The spirit of opposition
Dec. 4th, 2011 04:27 pmI just saw some kind of online poster, that started out:
Don’t like gay marriages? Don’t get one.
Don’t like cigarettes? Don’t smoke one.
Don’t like abortions? Don’t have one.
Don’t like porn? Don’t watch it.
Don’t like drugs? Don’t do them.
…
— and on and on. The obvious message, underlined at the end, was that we should all be content to live and let live, and leave other people to follow their own preferences.
So I have to wonder what the people who think that sentiment is so wonderful, so apropos, so true, would think if it read:
Don’t like gay-bashing? Don’t bash one.
Don’t like rape? Don’t commit one.
Don’t like genital mutilation? Don’t perform one.
Don’t like car-bombs? Don’t plant one.
Don’t like child molestation? Don’t molest one.
…
— with the same implication of Follow your own inclinations, and leave other people to follow theirs, because it’s none of your business.
Live-and-let-live applies to a lot of things, but it doesn’t apply to everything. We all have things that we disapprove of to the point that we won’t participate in them, and we all have things that we despise to the point where we feel a moral obligation to oppose them.
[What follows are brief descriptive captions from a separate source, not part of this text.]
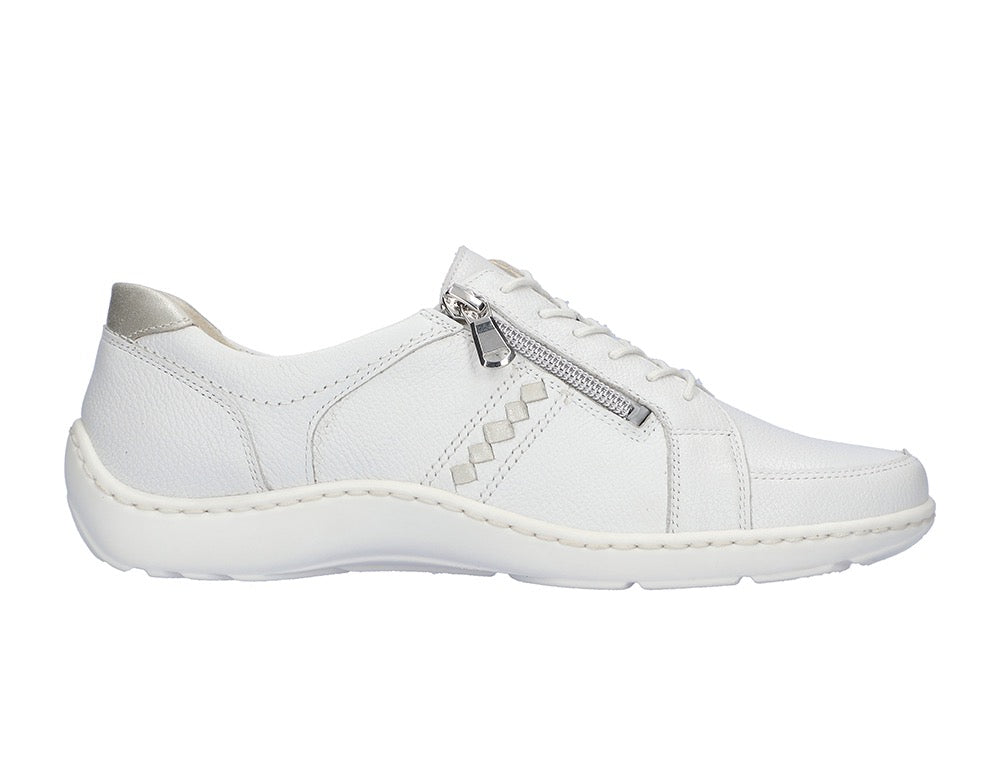 Waldlaufer Womens Lightweight Henni Lace White Shoes ShoeMed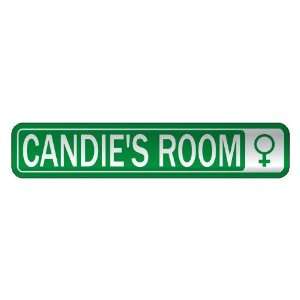   CANDIE S ROOM  STREET SIGN NAME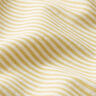 Cotton Viscose Blend stripes – curry yellow/offwhite,  thumbnail number 2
Either way, as I saw someone observe, you don’t settle the disagreement by dismissing the opposing viewpoint with a smug cliché.
no subject
Date: 2011-12-05 03:41 am (UTC)There is another aspect to it. Abortion IS a violent assault on an innocent victim, and the entire concept of drug use as a ‘victimless’ crime denies or ignores the obvious reality that drug use potentiates and even prompts other criminal activity. Then there’s the matter of so-called gay marriage: opposing that isn’t a matter of denying anyone’s rights, but of resisting the efforts of an intolerant, activist minority to force everyone else to accept a wholesale redefinition of marriage purely to accommodate their own preferences.
In every social issue being argued, there are at least two sides. When one side attempts to depict the other as being baseless, en masse, in all their arguments and attitudes, especially when their own argument is so superficial, I’m going to object.
no subject
Date: 2011-12-05 07:05 am (UTC)Then punish the "other criminal activity," rather than the drug use itself.
no subject
Date: 2011-12-05 03:01 pm (UTC)It isn’t simply a matter of law, however. I’ve heard the “If you don’t like xxx, then don’t do it” argument applied before, and the intent was not just to prevent people’s rights from being impinged, but to discourage and negate criticism, disagreement, or opposition. I loathe drugs, I despise drug users, and I don’t have much more respect for their enablers.
Even a society that allows recreational drug use will tend to discriminate against schoolbus drivers who are known to be regular users, not to mention cardiac surgeons or air traffic controllers … The same “if you don’t like drugs, then don’t use them” could be (and probably has been) used to argue against such sanctions, because there’s no argument too farfetched for some fool or ideologue to trot it out.
Some things are just wrong, and discouraging others from pointing out that those things are wrong doesn’t make them any less so.
no subject
Date: 2011-12-05 09:45 am (UTC)If it's the word marriage and all the related religious connotations I can understand that, but if you're say that it's intolerant activism to want the same rights and legal protections than I simply can't see that as anything other than prejudice. I'm sorry, but the argument seems at least to me to be identical to that opposing mixed race couples which is not to call you racist, but from my perspective that how it seems.
no subject
Date: 2011-12-05 02:50 pm (UTC)Rather than satisfying the activists, this very fact was used by an activist judge to ‘prove’ prejudice. Whereupon he promptly ruled that gay marriage (an inherent oxymoron) was the law of that state, even though the people of California — hardly a hotbed of seething right-wing intolerance — soundly rejected the proposition when the choice was theirs.
Gay people are already allowed to marry … but, since marriage is between a man and a woman, they are inherently disinterested in that. Instead they want to force the other 98.6% of the population to apply the name of marriage to what they do, and anyone who disagrees is instantly labeled a bigot and hatemonger.